INDIANAPOLIS, Ind. – An Indianapolis man is behind bars accused of having 20 bags of marijuana in the trunk of his car.
The arrest comes as part of a series of drug busts in recent weeks by state police all over Indiana.
In the last two weeks, Indiana State Police have announced nine drug busts in nine different counties. Locations along I-70 are a frequent target, but the drug fight truly spans the entire state.
It’s no secret Indiana interstates are a busy pipeline for trafficking illegal drugs.
"Our troopers are always looking for drugs coming across I-70," said Indiana State Police Sgt. Joe Watts.
This week, Sgt. Watts says a trooper in Putnam County pulled over a driver on I-70 and found a variety of marijuana products, including a butter-like substance used for baking drugs into foods.
Police say luggage in the rear seat contained suspected (248) vials of THC oil; (432) grams of THC wax; (1) pound of Marijuana; (1/2) ounce of mushrooms; and (25) grams of Marijuana constitute. Street value is estimated up to $20,000.

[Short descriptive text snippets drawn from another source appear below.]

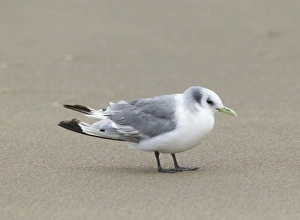 Kittiwake Risa tridactyla moulting adult in non-breeding plumage September Merseyside Kittiwake Risa tridactyla moulting adult in non-breeding plumage September Merseyside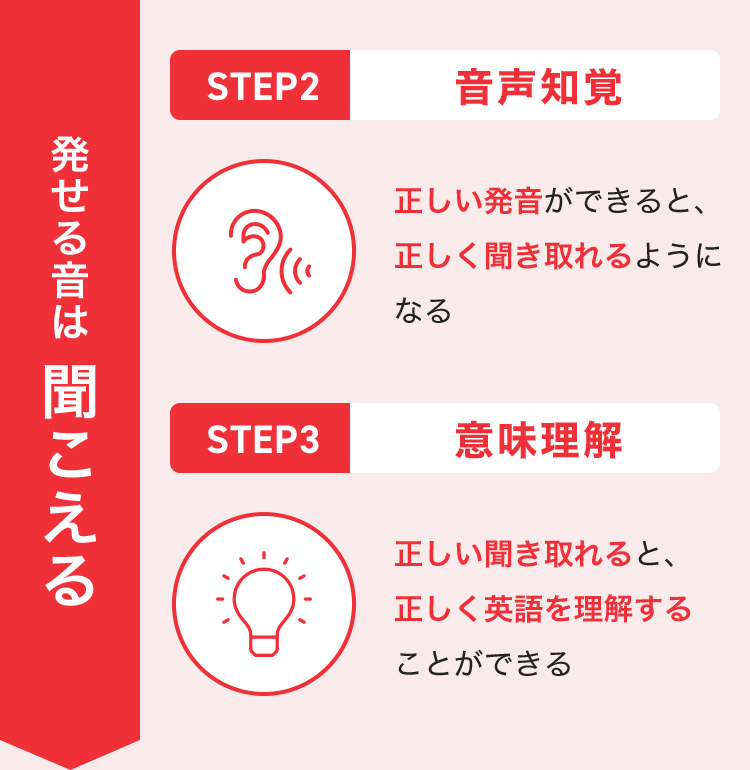 発せる音は聞こえる STEP2 音声知覚 正しい発音ができると、正しく聞き取れるようになる STEP3 意味理解 正しい聞き取れると、正しく英語を理解することができる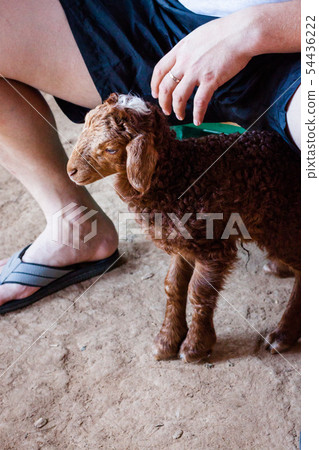 Karakul brown lamb is feeding milk from bottle Karakul brown lamb is feeding milk from bottle 54436222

The driver was identified as 22-year-old Brandon Zeballos of Fairplay, Colorado. The passenger was identified as 21-year-old Cory D. Rodriguez of Lakewood, Colorado.

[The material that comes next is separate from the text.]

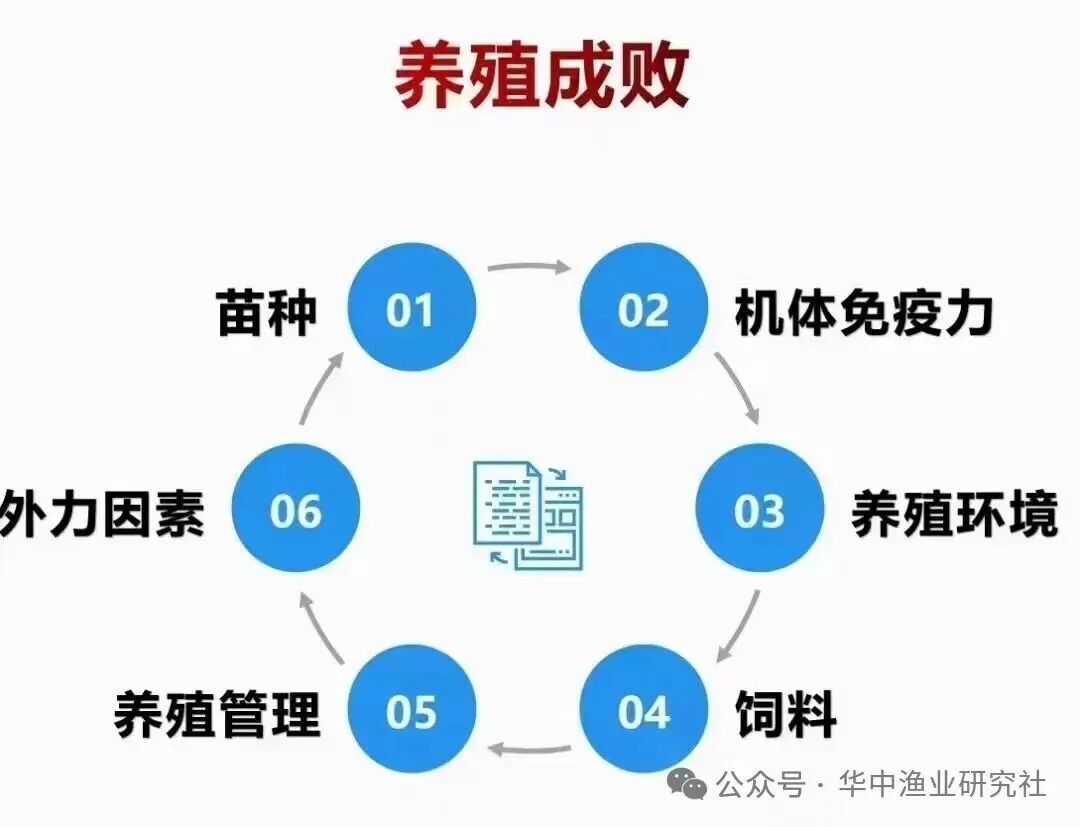 1763953888164677.jpg 7.jpg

"Our troopers are routinely locating drivers transporting marijuana from Colorado to states on the East coast," said Watts.
In another bust this week in Vigo County, a trooper found 20 bags of marijuana in the trunk of a car following a traffic stop. The driver, Damond De-Angelo Cobb Jr. out of Indianapolis, was arrested in that case.
In Marion County, a trooper made a bust of pills, pot and cash during yet another traffic stop. That driver was identified as 25-year-old Reginald Graves of Indianapolis. A backseat passenger in the car was identified as 26-year-old Marvin Dawayn Allen Jr. of Indianapolis.
State police know they only capture a small fraction of the drugs being driven across Indiana, but they still have a warning for everyone on the road.
"Our troopers are out here every day to fight the illegal drug flow," said Watts. "We may not get each and every one but we are looking and our troopers are doing a good job of that right now."
While many of the drug busts started with simply an alert trooper, state police say anonymous tips from the public are also critical to the drug fight. That’s why state police do have a statewide drug tip line at 1-800-453-4756.